__TASK ITEM__. Start at the line with "G-iii 4Her by" in the records below, stop at the line with "3MW89FF09P8D40537 2023 BMW", and return every line in that span exactly, the two end lines included.

__Stored items from a collection__.
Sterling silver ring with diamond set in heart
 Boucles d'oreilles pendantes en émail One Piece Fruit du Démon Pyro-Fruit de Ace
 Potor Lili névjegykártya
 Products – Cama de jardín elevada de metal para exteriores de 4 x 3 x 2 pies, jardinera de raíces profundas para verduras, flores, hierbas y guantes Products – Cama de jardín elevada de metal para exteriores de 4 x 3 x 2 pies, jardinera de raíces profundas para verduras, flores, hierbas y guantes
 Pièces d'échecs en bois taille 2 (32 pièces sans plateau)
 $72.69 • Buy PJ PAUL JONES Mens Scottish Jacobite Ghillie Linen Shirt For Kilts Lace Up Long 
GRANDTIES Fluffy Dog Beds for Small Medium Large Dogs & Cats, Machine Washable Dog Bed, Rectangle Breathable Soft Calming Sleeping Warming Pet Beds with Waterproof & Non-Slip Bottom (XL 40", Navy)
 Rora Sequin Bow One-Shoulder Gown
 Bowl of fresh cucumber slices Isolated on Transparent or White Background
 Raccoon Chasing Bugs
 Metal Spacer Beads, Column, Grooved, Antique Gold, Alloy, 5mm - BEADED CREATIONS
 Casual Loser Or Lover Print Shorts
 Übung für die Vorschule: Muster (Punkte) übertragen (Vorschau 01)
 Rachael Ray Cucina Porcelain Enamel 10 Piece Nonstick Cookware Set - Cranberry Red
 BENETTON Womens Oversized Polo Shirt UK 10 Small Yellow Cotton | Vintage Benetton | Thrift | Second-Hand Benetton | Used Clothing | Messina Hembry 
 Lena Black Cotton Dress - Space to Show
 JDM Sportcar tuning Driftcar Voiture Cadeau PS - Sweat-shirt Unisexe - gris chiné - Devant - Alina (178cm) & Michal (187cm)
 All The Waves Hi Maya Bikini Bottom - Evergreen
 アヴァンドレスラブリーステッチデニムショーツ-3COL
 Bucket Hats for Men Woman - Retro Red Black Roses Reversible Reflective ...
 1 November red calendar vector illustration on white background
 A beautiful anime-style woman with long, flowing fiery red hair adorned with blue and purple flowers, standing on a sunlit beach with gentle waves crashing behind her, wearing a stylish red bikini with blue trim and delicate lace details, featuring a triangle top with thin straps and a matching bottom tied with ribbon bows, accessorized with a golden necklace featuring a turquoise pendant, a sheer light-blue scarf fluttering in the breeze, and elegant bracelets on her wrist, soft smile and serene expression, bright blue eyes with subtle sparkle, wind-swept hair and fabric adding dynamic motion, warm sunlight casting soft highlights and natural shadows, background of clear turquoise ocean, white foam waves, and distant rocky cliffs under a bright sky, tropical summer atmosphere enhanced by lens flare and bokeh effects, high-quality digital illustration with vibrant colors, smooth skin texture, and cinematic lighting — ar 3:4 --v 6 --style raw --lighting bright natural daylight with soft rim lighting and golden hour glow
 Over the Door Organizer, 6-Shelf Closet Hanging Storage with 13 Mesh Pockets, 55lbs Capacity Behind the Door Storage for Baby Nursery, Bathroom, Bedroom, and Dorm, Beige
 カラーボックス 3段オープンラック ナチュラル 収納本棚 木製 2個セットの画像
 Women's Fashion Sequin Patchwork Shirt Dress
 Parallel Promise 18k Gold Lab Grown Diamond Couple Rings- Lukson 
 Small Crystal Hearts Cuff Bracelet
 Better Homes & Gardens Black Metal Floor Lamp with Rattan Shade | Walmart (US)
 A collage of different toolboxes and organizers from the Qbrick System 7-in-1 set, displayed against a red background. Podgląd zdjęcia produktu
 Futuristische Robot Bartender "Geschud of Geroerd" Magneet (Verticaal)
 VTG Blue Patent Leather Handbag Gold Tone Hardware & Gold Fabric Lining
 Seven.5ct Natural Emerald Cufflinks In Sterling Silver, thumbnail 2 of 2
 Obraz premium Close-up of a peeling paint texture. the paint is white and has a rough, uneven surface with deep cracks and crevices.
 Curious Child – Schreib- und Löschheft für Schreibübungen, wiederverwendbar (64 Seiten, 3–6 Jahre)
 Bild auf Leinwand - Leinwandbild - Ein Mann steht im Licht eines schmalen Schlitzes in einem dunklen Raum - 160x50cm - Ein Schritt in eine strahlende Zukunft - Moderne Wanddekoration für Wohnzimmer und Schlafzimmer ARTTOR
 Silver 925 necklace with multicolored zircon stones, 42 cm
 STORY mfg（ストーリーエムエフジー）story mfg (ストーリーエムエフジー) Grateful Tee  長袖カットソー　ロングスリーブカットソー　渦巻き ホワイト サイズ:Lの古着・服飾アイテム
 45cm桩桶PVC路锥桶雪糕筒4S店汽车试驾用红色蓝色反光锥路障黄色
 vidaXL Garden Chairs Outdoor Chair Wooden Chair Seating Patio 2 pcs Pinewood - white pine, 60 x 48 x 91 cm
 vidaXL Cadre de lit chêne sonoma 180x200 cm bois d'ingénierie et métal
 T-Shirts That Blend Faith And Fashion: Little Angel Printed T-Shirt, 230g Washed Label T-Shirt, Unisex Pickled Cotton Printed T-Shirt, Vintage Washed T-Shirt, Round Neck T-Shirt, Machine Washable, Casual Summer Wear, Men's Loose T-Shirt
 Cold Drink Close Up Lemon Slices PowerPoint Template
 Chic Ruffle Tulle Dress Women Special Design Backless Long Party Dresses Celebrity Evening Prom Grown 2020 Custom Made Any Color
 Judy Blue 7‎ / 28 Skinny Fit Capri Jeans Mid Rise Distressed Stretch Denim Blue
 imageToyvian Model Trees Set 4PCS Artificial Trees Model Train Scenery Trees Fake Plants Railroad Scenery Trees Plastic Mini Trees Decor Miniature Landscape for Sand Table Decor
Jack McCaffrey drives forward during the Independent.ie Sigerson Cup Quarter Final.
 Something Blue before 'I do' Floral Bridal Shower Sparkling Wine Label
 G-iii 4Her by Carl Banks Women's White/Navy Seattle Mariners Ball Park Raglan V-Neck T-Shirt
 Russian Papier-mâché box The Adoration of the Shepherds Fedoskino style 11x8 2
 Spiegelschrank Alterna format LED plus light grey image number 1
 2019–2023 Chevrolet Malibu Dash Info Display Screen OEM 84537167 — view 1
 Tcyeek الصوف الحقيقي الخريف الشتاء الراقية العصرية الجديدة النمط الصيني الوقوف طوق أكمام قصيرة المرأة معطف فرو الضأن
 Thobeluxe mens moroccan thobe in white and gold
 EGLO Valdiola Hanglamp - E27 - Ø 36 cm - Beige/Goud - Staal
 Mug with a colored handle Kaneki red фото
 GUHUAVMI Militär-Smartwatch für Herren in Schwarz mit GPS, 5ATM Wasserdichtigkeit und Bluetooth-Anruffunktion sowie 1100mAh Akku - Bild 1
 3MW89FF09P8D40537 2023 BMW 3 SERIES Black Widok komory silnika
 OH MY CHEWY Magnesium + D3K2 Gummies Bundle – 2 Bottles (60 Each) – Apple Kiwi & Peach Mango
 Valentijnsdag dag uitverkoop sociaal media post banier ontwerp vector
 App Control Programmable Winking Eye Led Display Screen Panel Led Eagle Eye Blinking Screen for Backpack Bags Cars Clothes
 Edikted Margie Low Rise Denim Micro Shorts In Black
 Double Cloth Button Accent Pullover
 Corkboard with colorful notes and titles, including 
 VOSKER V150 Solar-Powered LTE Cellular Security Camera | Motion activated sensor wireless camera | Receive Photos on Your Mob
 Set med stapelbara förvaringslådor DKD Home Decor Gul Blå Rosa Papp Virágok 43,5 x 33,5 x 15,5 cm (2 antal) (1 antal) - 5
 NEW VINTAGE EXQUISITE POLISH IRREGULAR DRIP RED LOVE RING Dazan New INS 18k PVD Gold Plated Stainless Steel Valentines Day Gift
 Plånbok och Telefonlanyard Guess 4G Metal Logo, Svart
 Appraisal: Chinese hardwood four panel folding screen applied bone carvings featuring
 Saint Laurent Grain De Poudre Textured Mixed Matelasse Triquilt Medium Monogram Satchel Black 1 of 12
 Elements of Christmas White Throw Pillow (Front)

__WORKED SOLUTION__.
 G-iii 4Her by Carl Banks Women's White/Navy Seattle Mariners Ball Park Raglan V-Neck T-Shirt
 Russian Papier-mâché box The Adoration of the Shepherds Fedoskino style 11x8 2
 Spiegelschrank Alterna format LED plus light grey image number 1
 2019–2023 Chevrolet Malibu Dash Info Display Screen OEM 84537167 — view 1
 Tcyeek الصوف الحقيقي الخريف الشتاء الراقية العصرية الجديدة النمط الصيني الوقوف طوق أكمام قصيرة المرأة معطف فرو الضأن
 Thobeluxe mens moroccan thobe in white and gold
 EGLO Valdiola Hanglamp - E27 - Ø 36 cm - Beige/Goud - Staal
 Mug with a colored handle Kaneki red фото
 GUHUAVMI Militär-Smartwatch für Herren in Schwarz mit GPS, 5ATM Wasserdichtigkeit und Bluetooth-Anruffunktion sowie 1100mAh Akku - Bild 1
 3MW89FF09P8D40537 2023 BMW 3 SERIES Black Widok komory silnika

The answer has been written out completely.